For Nick Saban, the annual college football coaching carousel has left him exactly where he always said it would … at the University of Alabama.

Saban and the school agreed to a new contract Friday night, after a week of breathless speculation and even at least one sort-of media report that he would succeed Mack Brown as the head coach at Texas. Brown, it turns out, is still on the job and may remain there.

Texas had little to do with this, however. Saban, who just finished his seventh season with the Tide, was never really going anywhere. At most, his agent used the buzz about the Longhorns for a slightly richer deal than the one Alabama was already going to give him. He reportedly will go from $5.6 million per year to more than $7 million. That's about it.

"Quite frankly," Saban said back in September when the Texas talk began, "I'm just too darn old to start over somewhere else."

Saban doesn't have a great track record of consistency on job hunts – he once famously declared he wouldn't be the head coach of the University of Alabama – but the candidness, or at least comfort, of the answer sort of said it all. It was a somewhat un-Saban-like statement – not some planned denial, but an explanation, a reasoning, a sensible point he was making.

Combine that with his wife Terry not just granting an interview to The Wall Street Journal in November but boldly declaring they weren't leaving Tuscaloosa, and most of the speculation was based on speculation.

The Sabans were about as clear and consistent on this one as they ever get.

The truth is, Saban isn't too old to start over somewhere else, certainly not a place with the potential of Texas. He's 62 and still on top of his game. He could have the Longhorns in national contention within two seasons. Maybe three at most.

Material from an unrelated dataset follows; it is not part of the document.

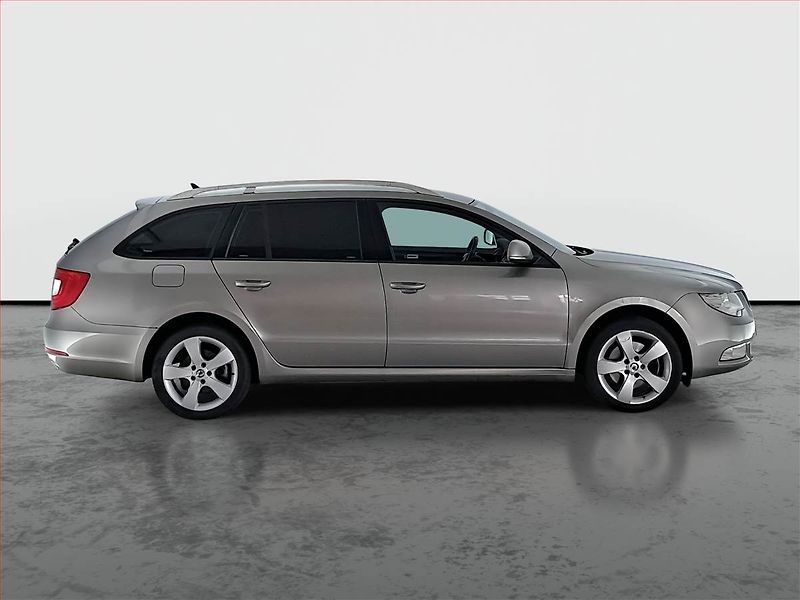 Škoda Superb (2010) Elegance 2.0 TDI, Navi - fotka 6 z 19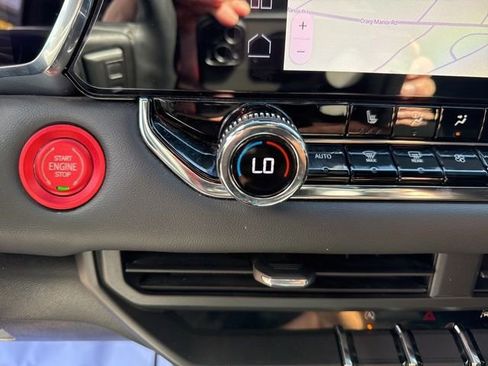 Used 2023 GMC Canyon Elevation w/ Elevation Premium Package image 18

What Saban is, however, is too impatient to start over somewhere else. Why build when you already own? Why work for 2015/2016 when he could certainly win it all next year?

His shot at three consecutive national titles was stopped by a 109-yard field goal return (on a play in which his team could've won the game). It's perhaps the smallest margin of defeat possible in football.

Besides, there is nothing in Austin that Saban doesn't have in Tuscaloosa. Perhaps in some spread sheet/parlor game comparison Texas is a job with greater resources than Alabama. None of that has anything to do with Saban's reality.

Yes, UT has more money than just about anyone. But Alabama has all the money Saban needs – not only in salary but to employ a massive staff of assistants, scouts and support people.

It's true Texas has it own TV station – the Longhorn Network – that might yield great dividends in the future. Saban, of course, tries to keep media distractions to a minimum and films his weekly half-hour TV show in about 18 minutes flat while standing impatiently on the field after each week's game. He doesn't sound like a guy looking for his own network.

And, sure, the state of Texas produces more top high school talent than Alabama, but recruiting players talented enough to win national championships is hardly Saban's problem. Three titles in four years should be proof enough.

His current top-ranked recruiting class may prove it even more, however.

Of the Crimson Tide's 23 current verbal commitments, just four are from Alabama. Five-star recruits, per Rivals.com, from Florida, Louisiana and Virginia have all pledged. Four-star commits hail from Arkansas, California, Florida, Louisiana, Iowa, Minnesota, Oklahoma, South Carolina and, yes, Texas. He'll probably pick up a couple more.

Without Saban, it's unlikely a lineman from the upper Midwest or a quarterback from Norman, Okla., would head to Tuscaloosa. But this is Saban. That's all that matters. This is what he built.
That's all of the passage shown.